Slackware can do this simpler for you:
there is a shellscript /usr/X11R6/bin/xwmconfig
copy that to your home-dir (it's not in my $PATH),
and execute it as:
$ xwmconfig
to choose a window-manager before issuing
$ startx.
If you download another wm, it is not too difficult to add that one
too to your xwmconfig (e.g. Ratpoison).
exercise:
after starting up KDE, do [Ctrl][Alt]F2
login again
choose with xwmconfig for Gnome (or another wm, KDE again works too)
$ startx -- :1
Now you are in Gnome.
Do [Ctrl][Alt]F7 to enter KDE again and [Ctrl][Alt]F8 gives you Gnome....
What is the max of wm's you can start ??? :-)
Douwe.
Just a comment in regards to the start of this post ie lilo in slackware vs lilo in mandrake.
In both Mandrake 8.1 and 8.2 I was unable to use lilo the installer kept telling bme that it souldn't fit in the MBR??? or couldn't be written?? So I went with grub instead which worked fun.

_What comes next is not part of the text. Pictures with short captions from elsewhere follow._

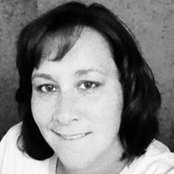 Christy Ranes's photo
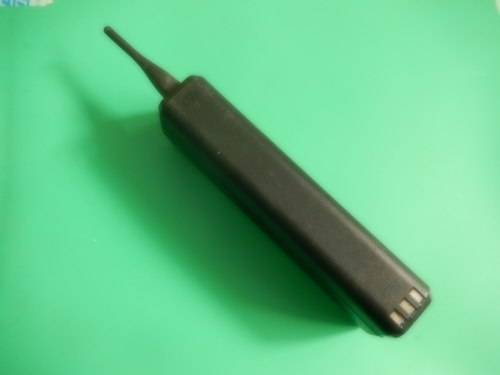 摩托罗拉大哥大模拟手机摩托罗拉8800x古董手机 - 图0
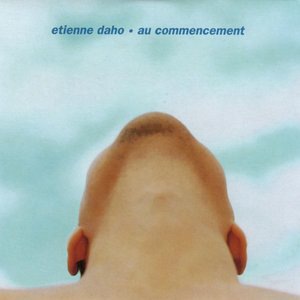 Etienne Daho 4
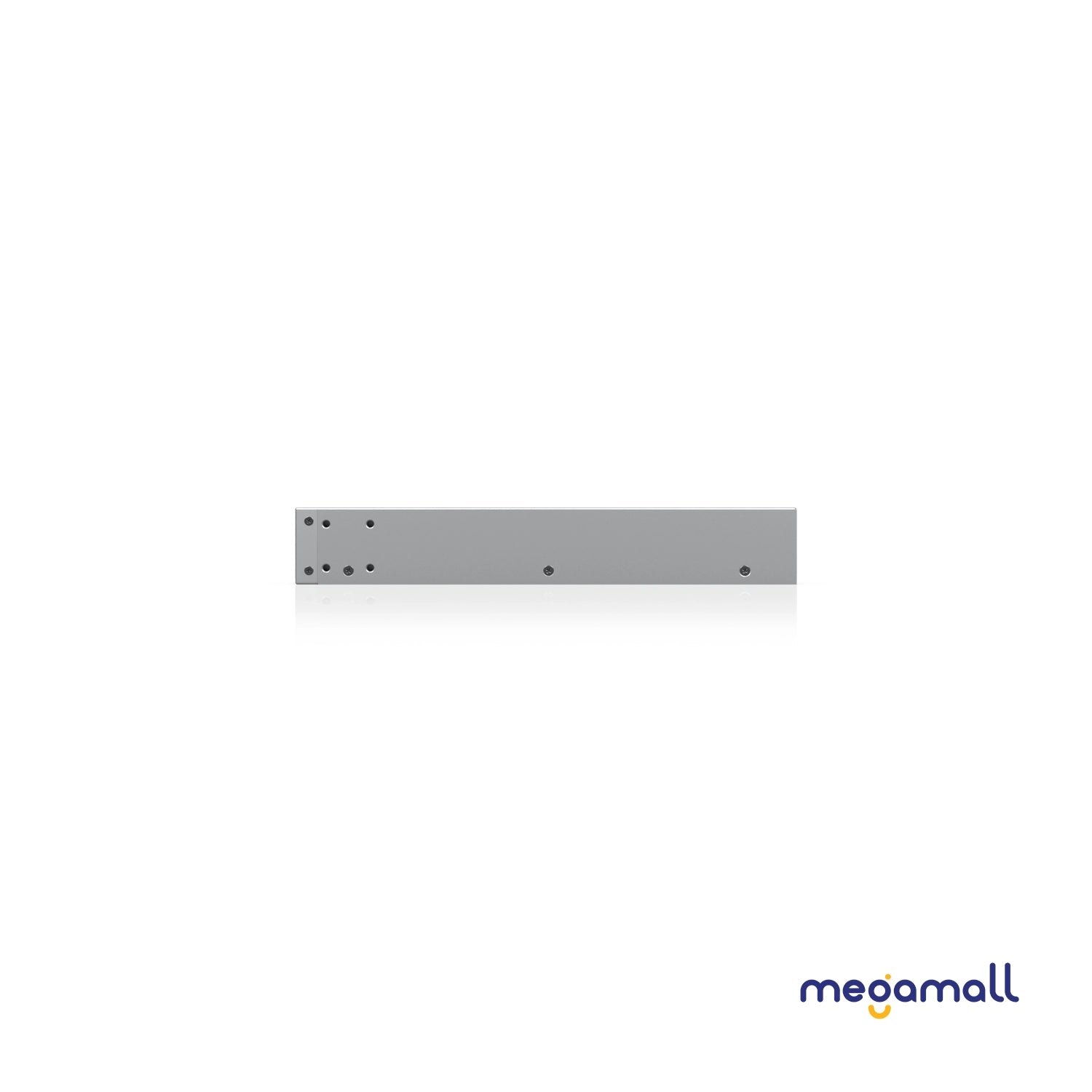 USW-48 - Standard 48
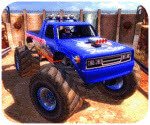 aoa体育官网下载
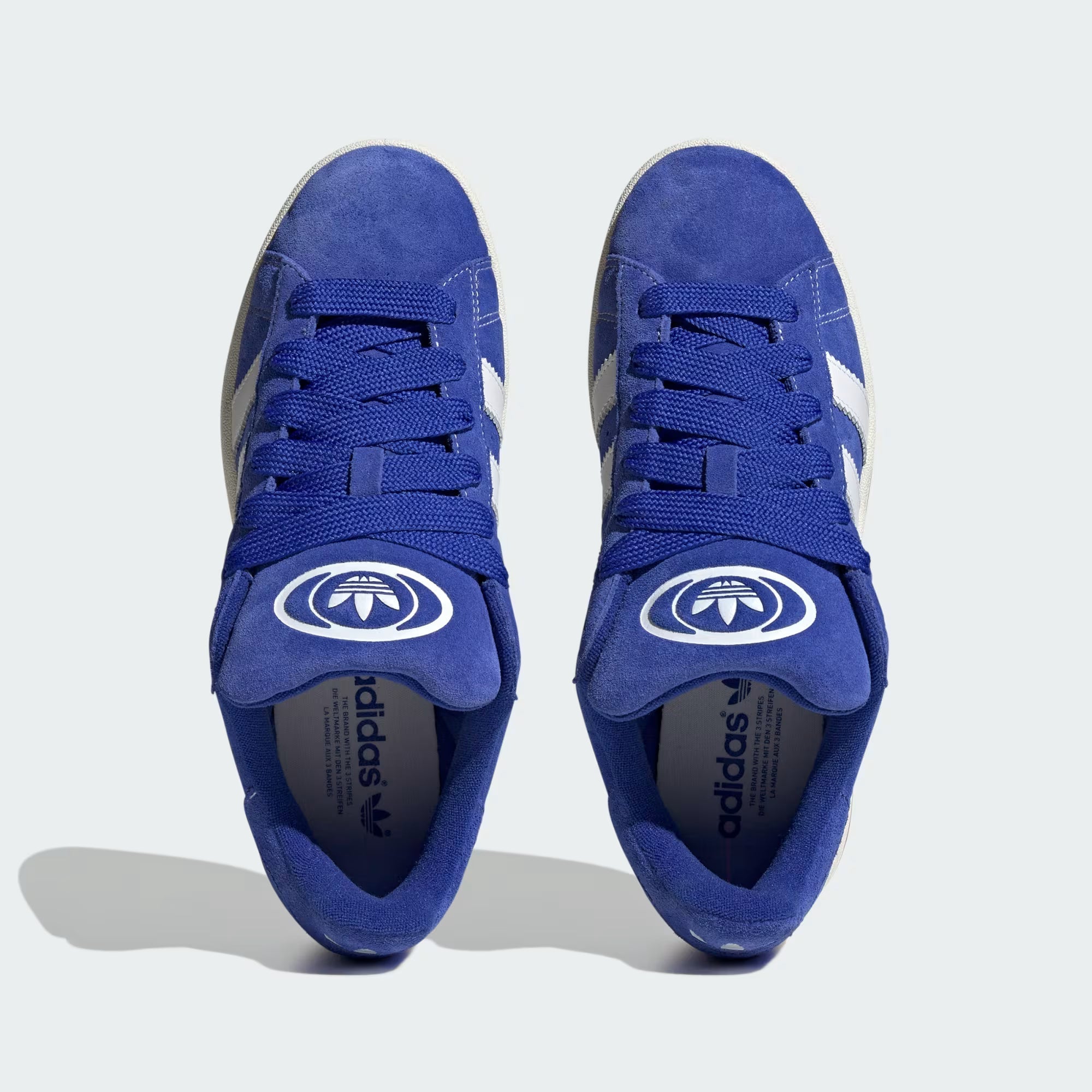 Adidas Campus 00s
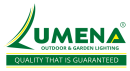 Lumena Lights Ltd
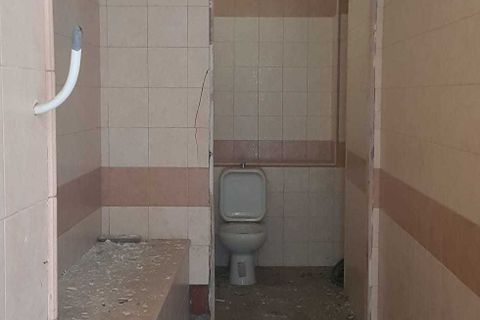 Villa a Pedara, Catania, Pedara - € 329.000 | Ref: 110/I - foto 25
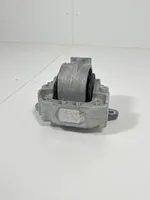 Toyota RAV 4 (XA50) Supporto della scatola del cambio 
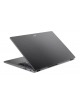 notebook-ag1551p37dq-i3135u-16ghz-mem-8gb-ssd-256gb-tela-153-linux-acer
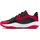 Under Armour Under Armour, Herren, Hallenschuhe, Lockdown 7 47 Rot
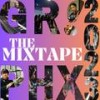 Herstory (feat. The Arc of Time & Rhyme) - Girls Rock! Phoenix&The Arc of Time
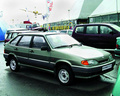 2003 Lada 2114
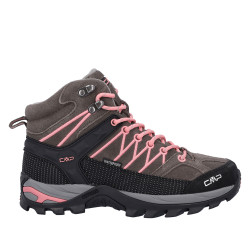 Scarpe RIGEL MID W Trekking...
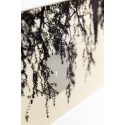 Eloge de l'ombre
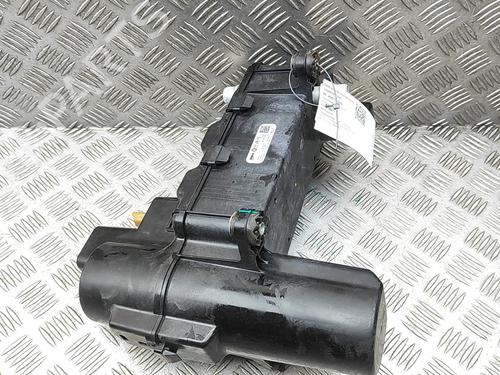 Other OPEL MOKKA 1.2 (76) | BP33883136O1 - Image 2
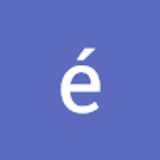 ésserFisioteràpia A. avatar icon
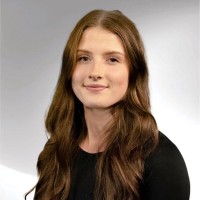 Chelsea Ginther, B.H.K, Cpt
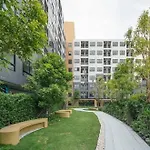 Vay Pothisan North Pattaya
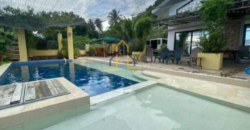 Family Beach House/Staycation for Sale in San Luis, Batangas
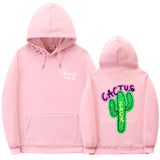 Travis Scott Astroworld Hoodie Fashion Sports Men and Women Leisure
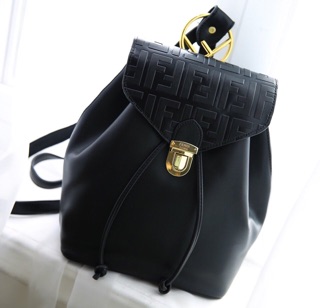 Balo Fendi hot sz27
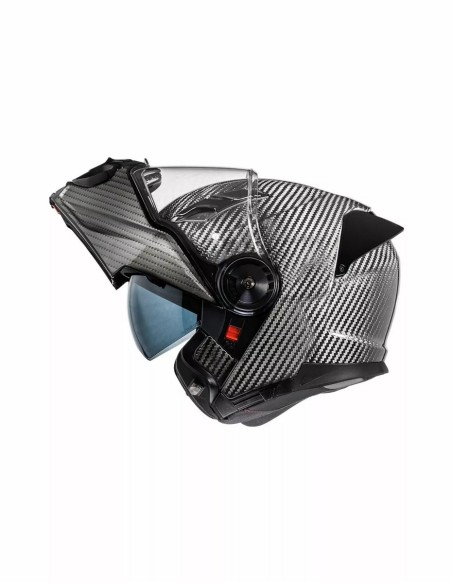 PREMIER HELMETS Landcruiser Carbon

When I installed Slackware 8.1 last night I had no trouble with lilo at all.
Originally posted by njbrain Slackware is way cooler, and way more powerful than mandrake.
This is the first time I've heard the description of the differences go this direction! I think Mandrake, with all its fancy custom patches, features and cool desktop customizations is way cooler - If only it all worked.
Since I was constantly finding myself "under-the-hood" of Mandrake to get things working correctly, I just went to Slackware, where working "under-the-hood" is the normal way of doing things and therefore was much easier.
I've now been moving to Debian-Unstable because I like having current versions of about 14,000 apps just an "apt-get" away. Also with installing & upgrading apps, Debian usually does everything you want, including updating the menus in all your window managers. The problem is that Debian has special very cryptic ways of doing things (in the Unix tradition) that work well, but only after you learn how to use them correctly. Finally, if you try to get "under-the-hood" with Debian, and don't do it right, all your changes will get "fixed" with the next update session.
Exatly, when I tried to customize anything with Mandrake, I lost most of my programs in the K menu! And I couldn't find any of the command line configuration utilities. It was all automated, and didn't work! I got mad, and switched to Slackware, and I love it.
Compiling new applications and other stuff are REAL easy in Slackware, just do ./configure, make and make install and you go work with the application.
Mandrake on the other hand can't compile most of the applications, because they use their own patched libraries and such stuff.
Compiling new applications and stuff is REAL easy in Mandrake, just do ./configure, make, and make install and you go work with the application. I do it whenever I need to.
The question is why would you normally bother to compile from source in Mandrake. The many thousands of programs available in the urpmi repositories are sufficient for *most* users. True, once in a while a power user or one with special needs has to compile, either because the app isn't in the urpmi repositories, or because they *need* a newer version. In that case, ./configure, make, make install works just fine (as long as you know what you're doing).
And why would you bump a year-old thread just to slag another distro?